Depending on the info we can come up with a solution.


----------



## awcsgo (11 mo ago)

Awesome, thanks. Here are photos of the router model, a photo of it “plunged” as far as it will go, and a photo of the base.


----------



## kp91 (Sep 10, 2004)

The plunge stop bar (silver thing with the scale) is bottoming out. Loosen the black knob and retract it.


----------



## awcsgo (11 mo ago)

kp91 said:


> The plunge stop bar (silver thing with the scale) is bottoming out. Loosen the black knob and retract it.


I did that. It’s almost like the plunge springs won’t retract enough. I was wondering if somehow the router base was upside down, but that’s the way it came. I only installed it on the table.


----------



## awcsgo (11 mo ago)




----------



## kp91 (Sep 10, 2004)

If I make it to Home Depot I will take a peek at that model. You can probably get a little more depth by not inserting the bit as far. As long as the bit is fully through and past the collet you are good.


----------



## awcsgo (11 mo ago)

kp91 said:


> If I make it to Home Depot I will take a peek at that model. You can probably get a little more depth by not inserting the bit as far. As long as the bit is fully through and past the collet you are good.
> View attachment 400846


I wondered about that, but I was nervous about not seating it as they instructed (all the way, then pulling up 1/16”). I’ll see how that plays out. I also wondered if there is a bot set with longer posts or something, but I don’t see that as an option.


----------



## Rebelwork Woodworking (Sep 11, 2004)

As long as you have enough in the collet ful, legth it's alright to Sept out. This was a major problem with raised panel bits.. you had to pull it out as you could to get the full cut..

It pays to buy 1/2 shank bits when using the router table..


----------



## awcsgo (11 mo ago)

I called Ryobi. They told me that was an issue with their tables. So I wonder why in the heck they would sell something as compatable that doesn’t work?!? OMG.


----------



## Rebelwork Woodworking (Sep 11, 2004)

So did you take the router bit loose to see if you can extend it out rather than push it all the way in?


----------



## Rebelwork Woodworking (Sep 11, 2004)

Its not unusual to pull the router bit out a bit to gain a little strategy e on length. 1/2 shank bits are s lot longer, but 1/4 arent, but you ca bbn pull it out some.


----------



## Rebelwork Woodworking (Sep 11, 2004)

As you can see the differences between 1/4 and 1/2 shank lengths.


----------



## Billybobb (May 16, 2020)

Great pictures(all), descriptions and discussions


----------



## kp91 (Sep 10, 2004)

So I took a look at that model at HD, and it will compress pretty far, but the springs are pretty stiff. If you are dedicating this router to the table it might be worth it to remove the springs. You'll have to look at an exploded view drawing to see how. I had to do this with an old PC 693 router base.
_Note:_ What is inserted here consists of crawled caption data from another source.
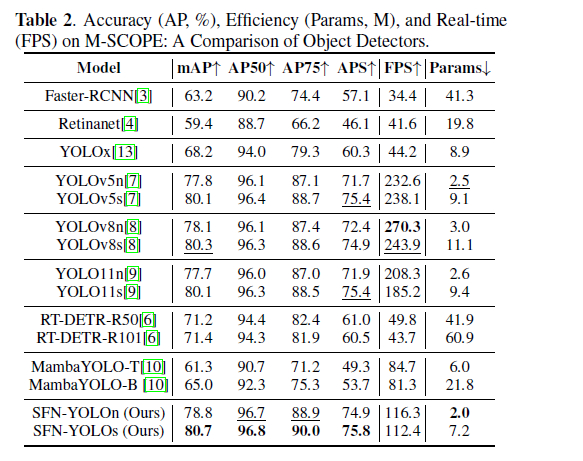 از داده تا رفاه: فناوری SFN-YOLO چشمهای هوشمند مرغداریهای آینده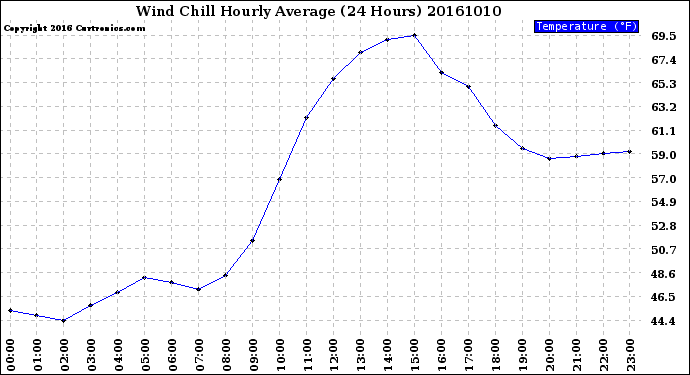 Milwaukee Weather Wind Chill<br>Hourly Average<br>(24 Hours)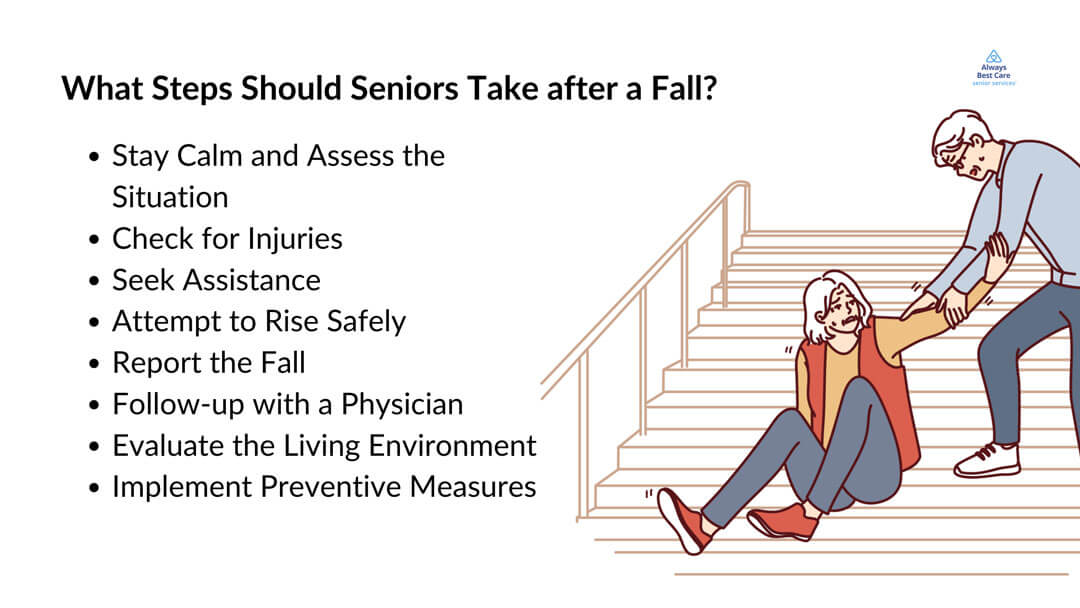 steps should seniors take after a fall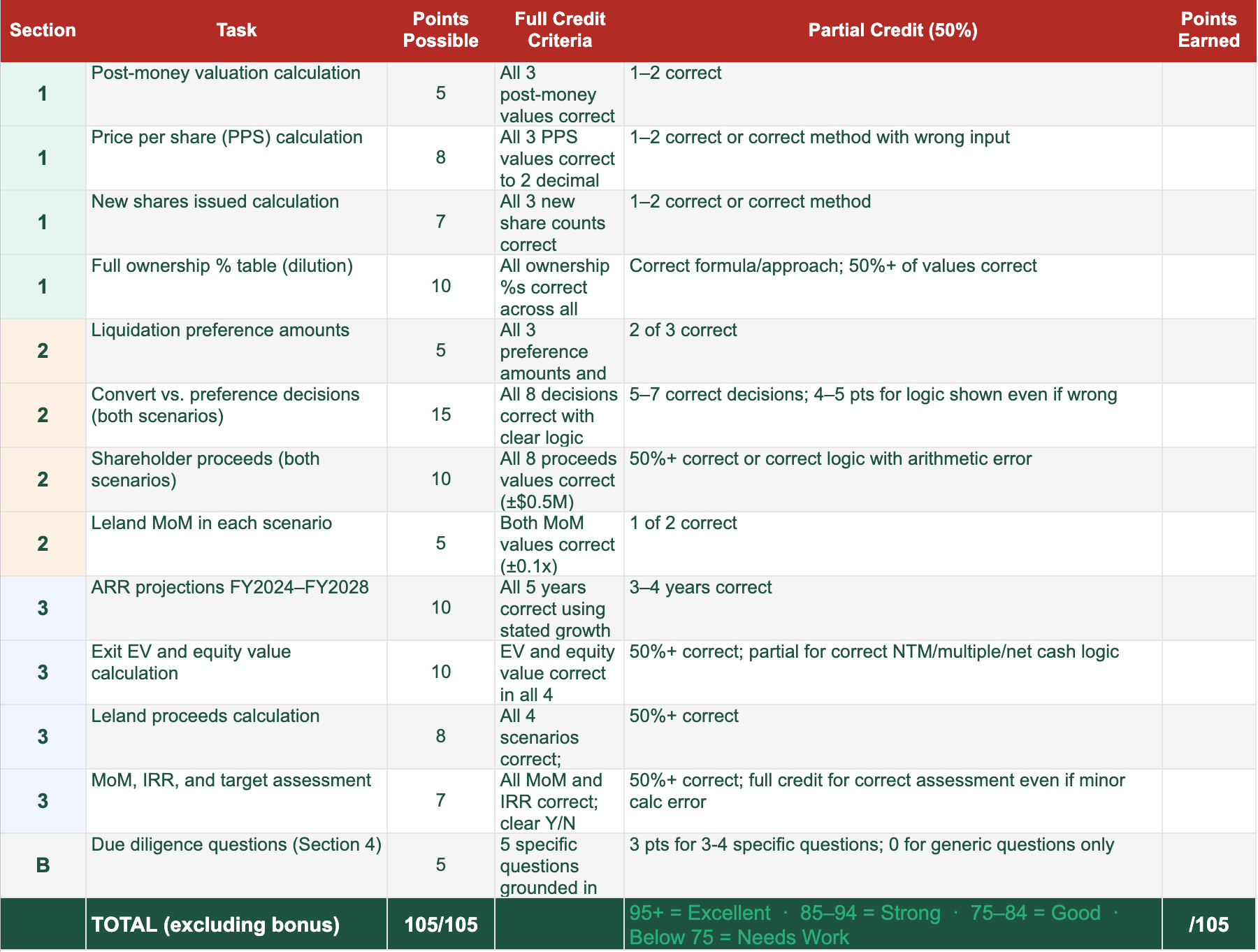 VC Modeling Test ANSWER
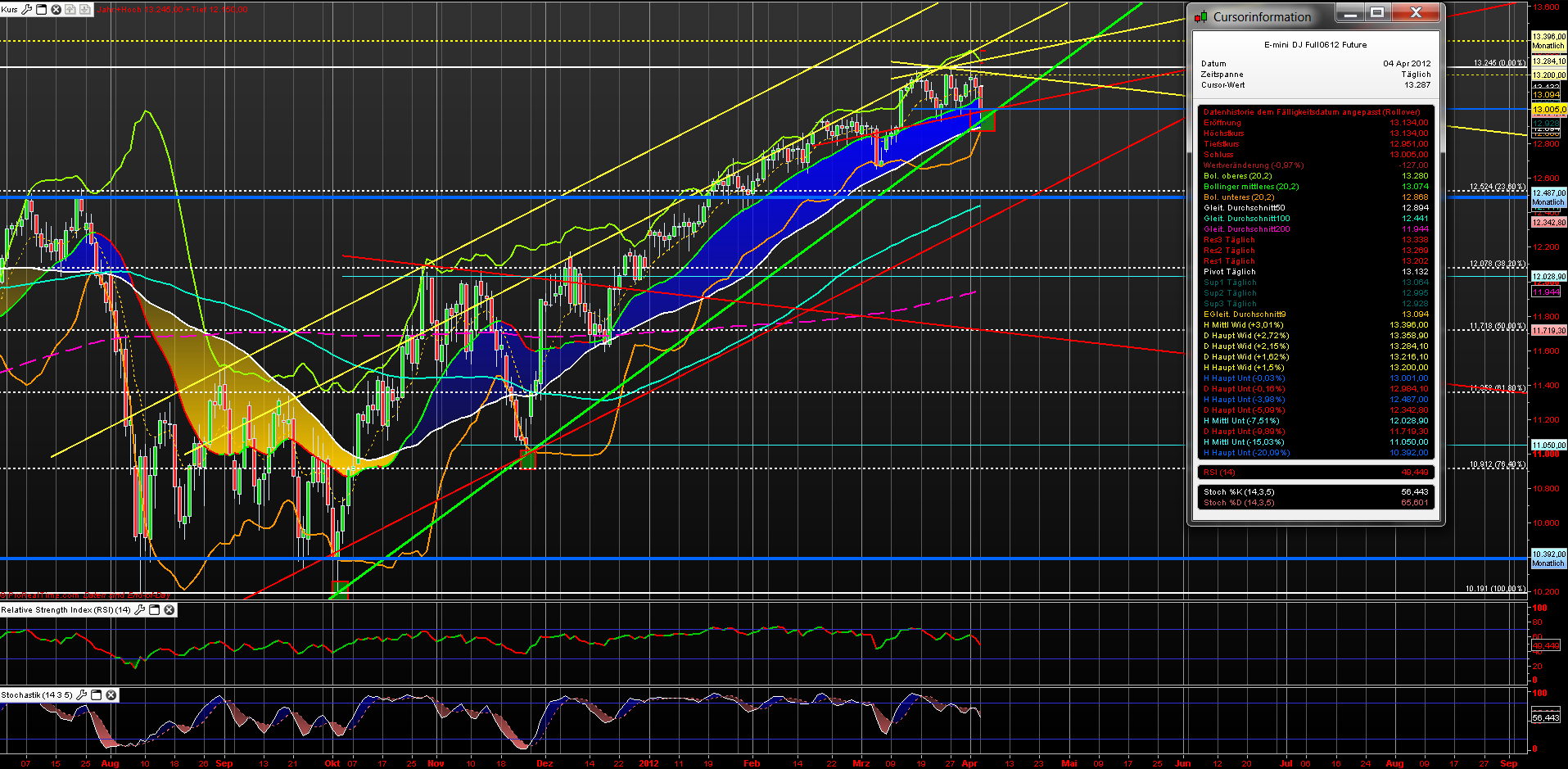 Indexhandel 2012 Rally trotz unzähligen Krisen? 498365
Wish I could have a better solution


----------



## awcsgo (11 mo ago)

I tried not inserting the shaft all the way, but it still doesn’t clear the table. I will try the 1/2” bits, then last resort, remove springs, since my plan is to commit it to the table. Thanks all!! I will let you know what works!


----------



## old55 (Aug 11, 2013)

Welcome to the forum @awcsgo


----------



## jw2170 (Jan 24, 2008)

G'day @awcsgo , welcome to the forum.


----------



## DesertRatTom (Jul 3, 2012)

Hi and welcome. I suggest you switch to half inch shanks. I get half inch grommets and drop them into the bottom of the collet space, they're about 1/8 th thick so you can just bottom out your bit on top of that. Not familiar with Ryobi, but removing the spring is pretty common for using plunge routers in a table. Just put the spring in a safe place so it doesn't get lost. How you remove the spring is another question, but generally there is a screw on cap at the end of the tube. That should give you another inch or more. With the half inch shanks, that should get you going. 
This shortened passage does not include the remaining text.